### Records for the exercise
---------------

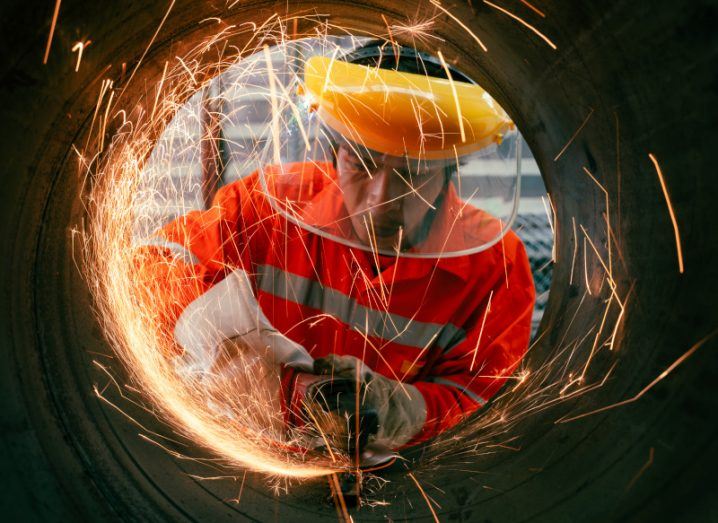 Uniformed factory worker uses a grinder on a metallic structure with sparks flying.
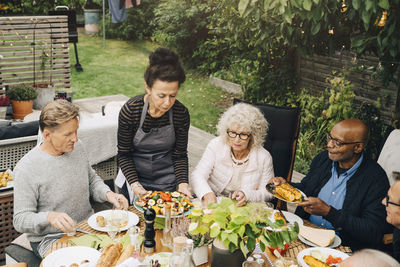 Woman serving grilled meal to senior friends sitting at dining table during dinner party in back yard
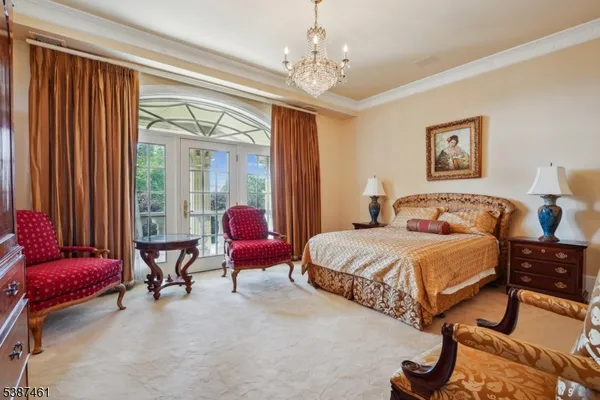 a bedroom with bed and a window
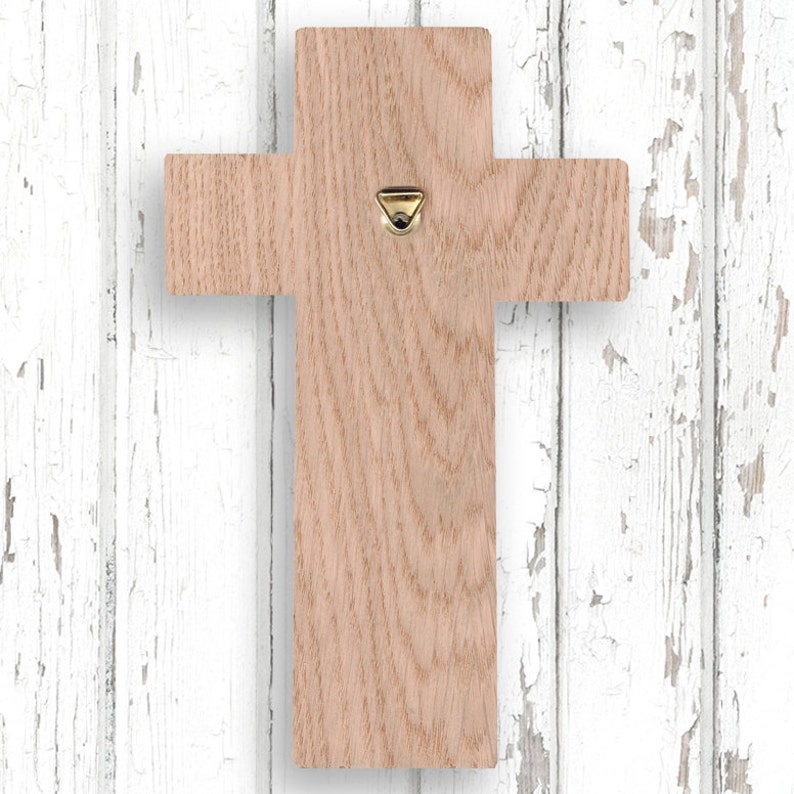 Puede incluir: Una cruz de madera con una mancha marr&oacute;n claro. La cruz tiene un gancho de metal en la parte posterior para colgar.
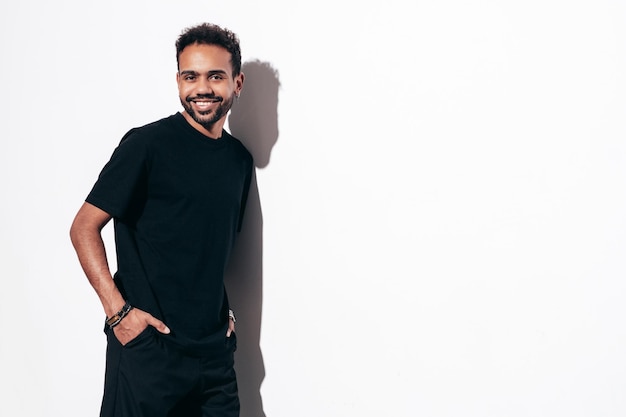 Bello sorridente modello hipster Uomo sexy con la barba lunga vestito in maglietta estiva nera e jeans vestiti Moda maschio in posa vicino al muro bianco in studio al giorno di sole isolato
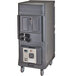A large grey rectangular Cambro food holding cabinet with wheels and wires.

---------------

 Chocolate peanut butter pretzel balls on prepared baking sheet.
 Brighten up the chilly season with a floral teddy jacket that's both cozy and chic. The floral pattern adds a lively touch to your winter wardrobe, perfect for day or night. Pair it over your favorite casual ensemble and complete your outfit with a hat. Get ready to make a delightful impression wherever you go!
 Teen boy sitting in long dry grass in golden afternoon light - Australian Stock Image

---------------

### Goal of the exercise
In the entries above, every line from the line with "Puede incluir: Una" to the line with "A large grey" is to be printed exactly, with both ends included and pictures excluded.

### Task output
 Puede incluir: Una cruz de madera con una mancha marr&oacute;n claro. La cruz tiene un gancho de metal en la parte posterior para colgar.
 Bello sorridente modello hipster Uomo sexy con la barba lunga vestito in maglietta estiva nera e jeans vestiti Moda maschio in posa vicino al muro bianco in studio al giorno di sole isolato
A large grey rectangular Cambro food holding cabinet with wheels and wires.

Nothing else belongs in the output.